Start with real-world examples of valid input:

# Create seed corpus directory
mkdir -p fuzz/corpus/parse_config/

# Add real config files as seeds
cp examples/valid_config.toml fuzz/corpus/parse_config/seed1
cp examples/minimal_config.toml fuzz/corpus/parse_config/seed2

Seeds give the fuzzer a head start — it mutates them to find crashes faster than starting from random bytes.

Minimizing Crash Inputs

When the fuzzer finds a crash, the triggering input is often large and contains irrelevant bytes. Minimize it:

# Minimize a crash-triggering input
cargo +nightly fuzz tmin parse_config fuzz/artifacts/parse_config/crash-abc123

This produces the smallest input that still triggers the crash, making debugging easier.

Reproducing Crashes

# Reproduce a specific crash
cargo +nightly fuzz run parse_config fuzz/artifacts/parse_config/crash-abc123

Then write a regression test so the bug stays fixed:

TEST regression_crash_empty_header
    // Found by fuzzing: parse_header panicked on empty input
    result <- PARSE_HEADER(empty bytes)
    ASSERT result IS error  // Must return Err, not panic

Common Pitfalls

Fuzzing Too Broadly

Fuzzing raw bytes against a high-level API is inefficient. The fuzzer spends most of its time generating invalid inputs rejected immediately. Use Arbitrary for structured fuzzing to get past input validation and into the interesting logic.

Ignoring Timeouts

Some inputs cause the program to run for minutes (e.g., pathological regex patterns, deeply nested structures). Set timeouts:

cargo +nightly fuzz run parse_config -- -timeout=5  # 5-second timeout per input

Not Running Long Enough

A 30-second fuzzing run might find obvious crashes. Deeper bugs require hours or days of fuzzing. Run fuzzers overnight or as a continuous background process in CI.

Not Saving the Corpus

The corpus represents weeks of exploration. Save it to version control or artifact storage. Losing the corpus means starting from scratch.

When to Use Fuzz Testing

Use for:

• Parsers and deserializers (JSON, XML, TOML, custom formats)
• Network protocol handlers (anything receiving bytes from the network)
• Codecs (compression, encryption, encoding)
• Any code processing untrusted or user-supplied input
• Security-sensitive code

Avoid for:

• Business logic (use unit tests with known inputs)
• UI code (fuzzing clicks doesn't find meaningful bugs)
• Code that only processes trusted, internally-generated data

Key Takeaways

1. Fuzz testing finds bugs you would never think to test for.
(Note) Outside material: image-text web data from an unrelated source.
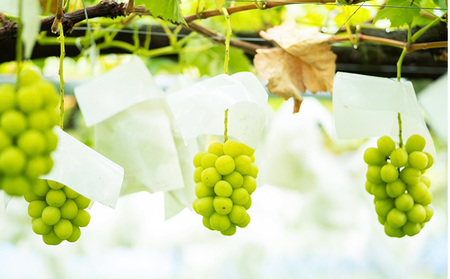 シャインマスカット 約 2kg (4~5房) 先行予約 ぶどう 種なし 果物 2026年 9月~発送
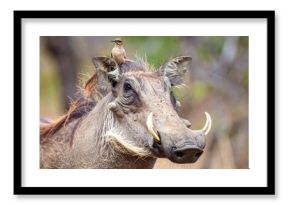 Warthog with bird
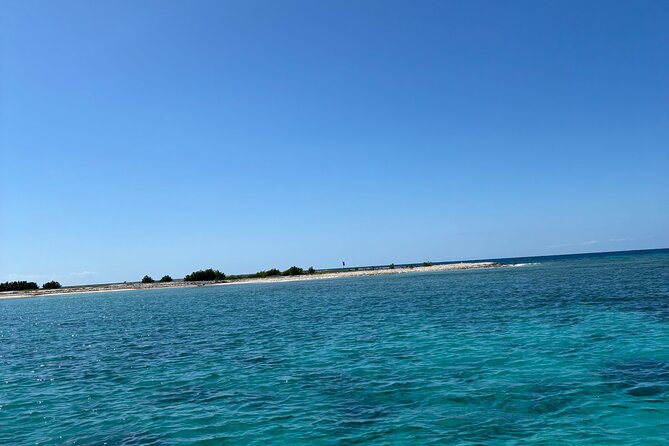 Puerto Rico: Bio Bay Swim and Sunset Charter or Late night tour - Quick take before you go
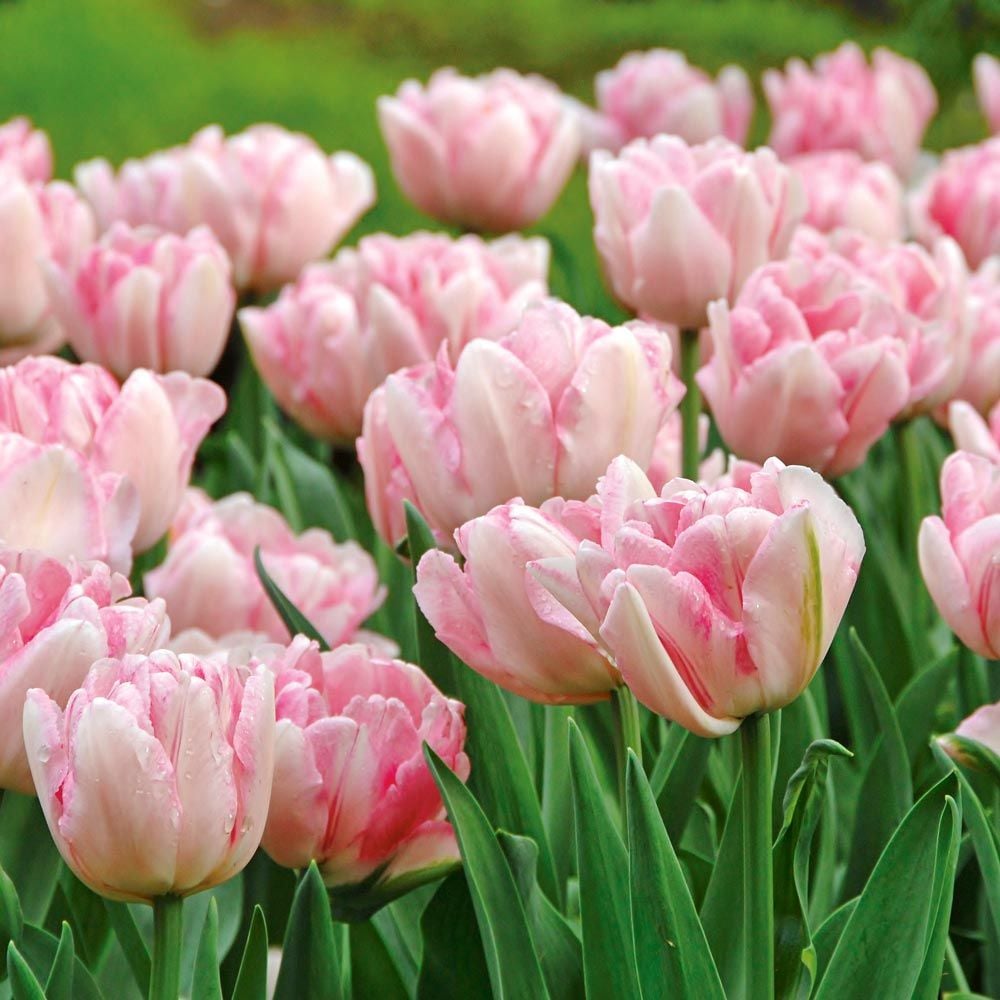 Tulip 'Foxtrot'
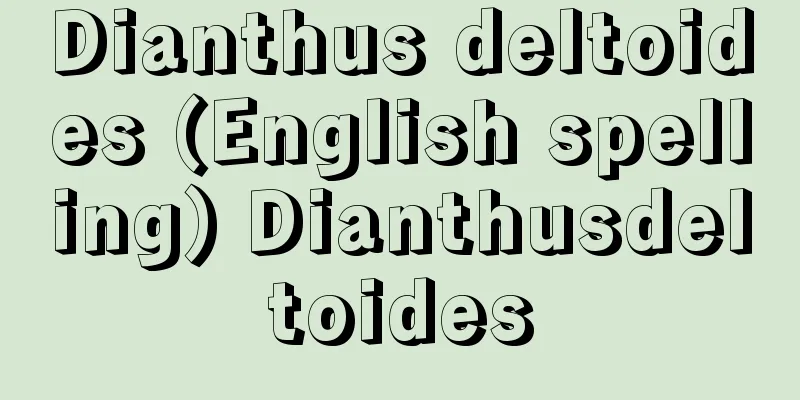 Dianthus deltoides (English spelling) Dianthusdeltoides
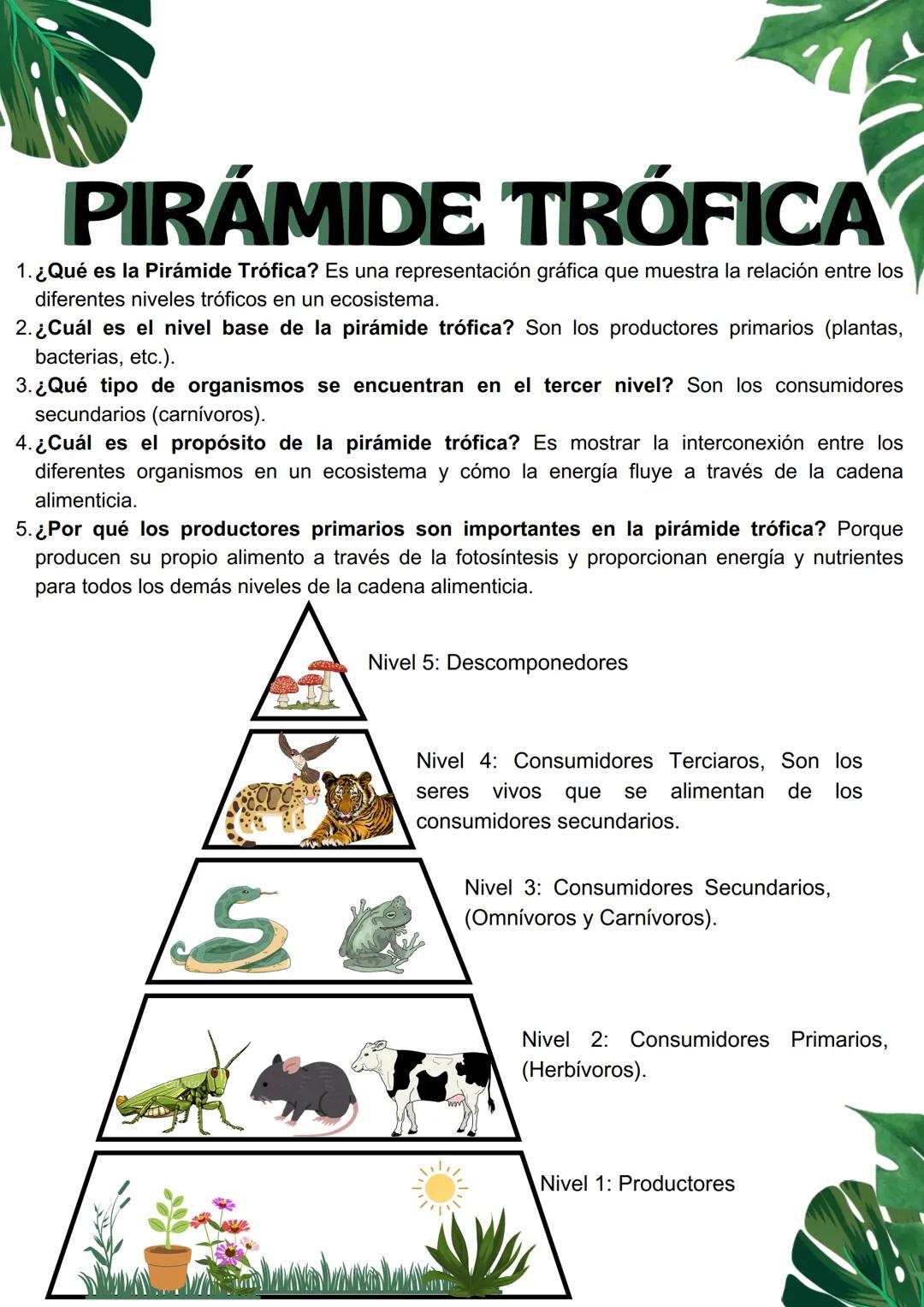PIRÁMIDE TRÓFICA
1. ¿Qué es la Pirámide Trófica? Es una representación gráfica que muestra la relación entre los
diferentes niveles tróficos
It systematically explores inputs humans can't imagine.
2. Coverage-guided fuzzing (libFuzzer, cargo-fuzz) is far more effective than random input generation.
3. Use Arbitrary for structured fuzzing to bypass input validation and test deeper logic.
4. Always write regression tests for crashes found by fuzzing — they are real bugs that will recur.
5. Run fuzzers for hours or days, not seconds. Deep bugs require sustained exploration.
6. Fuzzing is particularly high-value for any code that handles untrusted input — parsers, protocols, and codecs.